Producer John Congleton, Babcock says, “really got it.” The band would play something a couple times, record it, and move on. It captures the dynamic and raw energy that drives their live show, and allows the songs to speak for themselves. “Olive Garden,” for example, is dynamic and distorted, the tempo moving from jaunty to brutal. “Get Dumber,” featuring Jeff Rosenstock, is all noisy and pummelling and feels like you’ve snuck into the band’s jam space to catch a spontaneous session. With an off-key vocal here, a wrong note and sharp feedback there, it’s deliberately not pristine—it’s real. 

“There’s so much imperfection on this record—so much more than anything else we’ve done—in a way that I just really love,” says Babcock. “I just think this record sounds more like the four of us than anything we’ve done before.”

 

 

It recalls the feeling of listening to an album that seems perfect because its imperfections not only contribute so much to its character, but have become so ingrained in the listener—like, for Babcock, There’s Nothing Wrong With Love by Built To Spill, his favourite band. You can hear what they’re trying to do, he says, and that they don’t quite nail it somehow makes it even more powerful. 

“When I first started listening to that record, when I was 14, somebody burned it for me. There was a scratch on the CD that they gave where it just [went], like, ‘sh-sh-sh,’ at a certain part in one of the songs. And I listened to it so many times that I didn’t notice it anymore. And when I finally bought the record for myself when I had enough money and it wasn’t there, I was like, something’s wrong!” Babcock laughs. “If you love it and consume it a lot, you get so used to those characters—things that give records life and make them feel really genuine and unique and special.” 

There have been a few records in Babcock’s life that changed the way he thought about music—“I think any music fan has this,” he notes—whether it was Gob or Built to Spill or progressive ska bands like RX Bandits. Records that took his breath away and subverted any preconceived notions he had about boundaries or structure, proving things don’t have to be perfect to be perfect.
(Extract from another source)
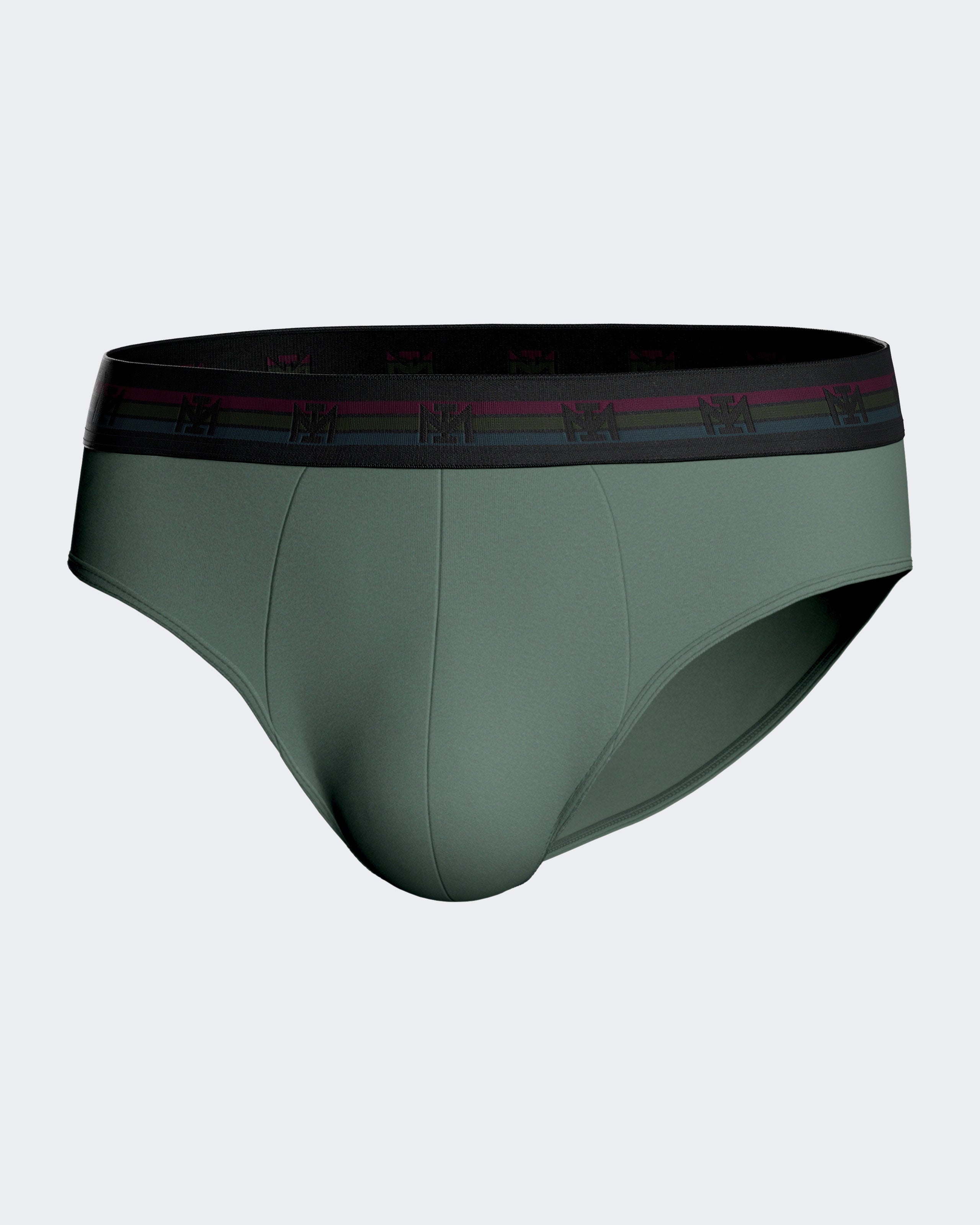 Pack de dois slips de homem lisos em Algodão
Things that left a profound imprint on Babcock—not just as an artist, but as a human being, growing through twofold magic of musical discovery and self-discovery. 

“My dream is to make a record that, for kids who are getting into music, it opens a new way of thinking about music for them, like in the way that the first time I heard Built to Spill was,” says Babcock. “I was like, ‘Music is allowed to sound like this?’” 

“I don’t claim to think that PUP does that for anybody,” he adds with a laugh. “But it’s my dream to make a record that opens people’s minds to a new way of looking at this genre.”